So thundered Henry in the Virginia convention. (3 Ell. Deb. 446.)
“To encourage us to adopt it, they tell us that there is a plain, easy way of getting amendments. When I come to contemplate this part, I suppose that I am mad, or that my countrymen are so. The way to amendment is, in my conception, shut. Let us consider this plain, easy way.” Then follows the verbatim statement of the Madison Fifth Article as proposed from Philadelphia. “Hence it appears that three fourths of the states must ultimately agree to any amendments that may be necessary. Let us consider the consequence of this. However uncharitable it may appear, yet I must tell my opinion—that the most unworthy characters may get into power and prevent the introduction of amendments. Let us suppose—for the case is supposable, possible, and probable—that you happen to deal those powers to unworthy hands; will they relinquish powers already in their possession, or agree to amendments? Two thirds of the Congress, or of the state legislatures, are necessary even to propose amendments.... To suppose that so large a number as three fourths of the states will concur is to suppose that they will possess genius, intelligence, and integrity, approaching to miraculous. It would indeed be miraculous that they should concur in the same amendments, or even in such as would bear some likeness to one another; for four of the smallest states, that do not collectively contain one tenth part of the population of the United States, may obstruct the most salutary and necessary amendments. Nay, in these four states, six tenths of the people may reject these amendments.... So that we may fairly and justly conclude that one twentieth part of the American people may prevent the removal of the most grievous inconveniences and oppression, by refusing to accede to amendments. A trifling minority may reject the most salutary amendments. Is this an easy mode of securing the public liberty? It is, sir, a most fearful situation, when the most contemptible minority can prevent the alteration of the most oppressive government; for it may, in many respects, prove to be such.” (3 Ell. Deb. 48.)
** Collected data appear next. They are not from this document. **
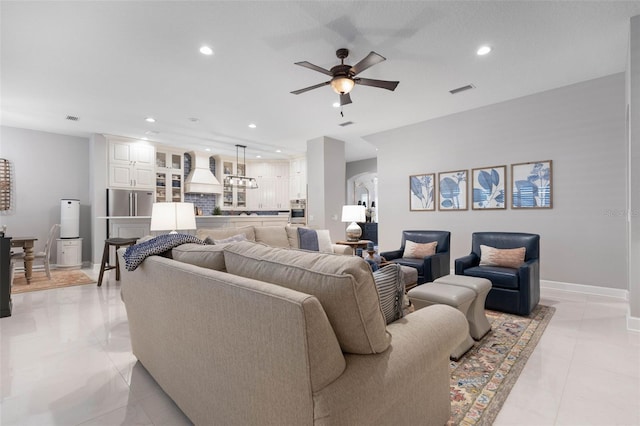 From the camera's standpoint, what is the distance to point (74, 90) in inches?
163

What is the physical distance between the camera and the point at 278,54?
3.27 metres

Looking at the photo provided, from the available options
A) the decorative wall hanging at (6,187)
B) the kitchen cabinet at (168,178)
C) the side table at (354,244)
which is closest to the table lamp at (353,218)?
the side table at (354,244)

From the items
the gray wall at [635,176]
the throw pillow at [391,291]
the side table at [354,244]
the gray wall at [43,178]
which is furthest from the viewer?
the gray wall at [43,178]

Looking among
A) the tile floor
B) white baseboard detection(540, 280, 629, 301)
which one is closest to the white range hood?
the tile floor

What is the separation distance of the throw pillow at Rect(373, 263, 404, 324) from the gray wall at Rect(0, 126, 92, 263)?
7.42 meters

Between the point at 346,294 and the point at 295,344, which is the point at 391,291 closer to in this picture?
the point at 346,294

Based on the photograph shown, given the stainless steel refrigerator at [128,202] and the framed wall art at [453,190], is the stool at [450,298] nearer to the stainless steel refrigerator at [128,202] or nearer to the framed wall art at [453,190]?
the framed wall art at [453,190]

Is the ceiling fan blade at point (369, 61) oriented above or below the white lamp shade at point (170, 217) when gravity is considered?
above

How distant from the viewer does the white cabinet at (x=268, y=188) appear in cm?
892

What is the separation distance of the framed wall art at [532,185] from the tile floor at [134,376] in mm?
1634

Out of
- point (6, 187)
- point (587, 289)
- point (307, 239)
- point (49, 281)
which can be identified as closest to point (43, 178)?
point (6, 187)

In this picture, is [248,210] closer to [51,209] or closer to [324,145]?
[324,145]

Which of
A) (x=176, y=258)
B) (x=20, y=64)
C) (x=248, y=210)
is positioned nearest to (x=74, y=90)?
(x=20, y=64)

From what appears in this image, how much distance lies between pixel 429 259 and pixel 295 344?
333 centimetres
So thundered Henry against the weakness of the Madison procedure in which only by proposal from governments could there be constitutionally evoked the exclusive ability of the citizens of America to dictate how much power to interfere with individual freedom should be left for the citizens of each state to use in governing themselves, and how much power of that kind should be retained by the individual people of America themselves. Henry was opposing a Constitution in which the individual people of America were dictating that their general government, the Congress, should have only the enumerated powers of that kind which are in the First Article. In it, they were dictating that each state government, except as the American people forbade it, should have just so much of that kind of power as the citizens of that particular state should grant that government. And in it, they were dictating that the people of America themselves, the most important factor and reservee of the Tenth Amendment, should retain all other power of that kind to be granted only by themselves, the “conventions” of the Madison Fifth Article. Throughout all his thunder against that Constitution, Henry, like every other opponent of that Constitution, never questioned that this was the exact distribution of power to interfere with individual freedom which was dictated in the Constitution. His only complaint, and their only complaint, was that the Madison Fifth Article, because its constitutional procedure could only be evoked by a proposal from governments, was no protection to human liberty against the granted power of that kind in the First Article. The absurd thought of our modern “constitutional” thinkers (contradicting the plain statement of the Tenth Amendment and contradicting everything that was said in the “conventions” that made the Fifth Article) is that the Article itself is a “grant” of omnipotent power to governments (the legislative governments of the states) to interfere with individual freedom. When we contrast the knowledge of Henry and his colleagues with the modern absurdity, we echo Henry’s words and exclaim, “We suppose that we are mad, or that our modern constitutional thinkers are so.” If Henry had read into that Fifth Article, if the opponents of the proposed Constitution had read into it, any “grant” of ability to state governments, certainly it was an absurdity for him to refer to
those governments as “weakened, prostrated, enervated” by the proposed Constitution.
And so, educated in the experience of those Americans who assembled in those “conventions” named in the Seventh and Fifth Articles, we sit with them in the conventions of that earlier day and read that Fifth Article with them, while they decide to make it with the six other Articles. Living through their experience, like them we have become “a people better acquainted with the science of government than any other people in the world,” so far as government is intended to secure individual liberty and happiness. When we sit with them, we intend not to forget, as they never did forget in those conventions, that this was the sole purpose of the Constitution they considered and made, the purpose of securing individual liberty and happiness. In this respect, they differed in their whole philosophy of government with the new school of thought that, in our day, has its different manifestations of exactly the same philosophy of government on the part of the Bolshevik in Russia and the minority in America which has dictated that government enactment of the new constitution of government, known as the Eighteenth Amendment.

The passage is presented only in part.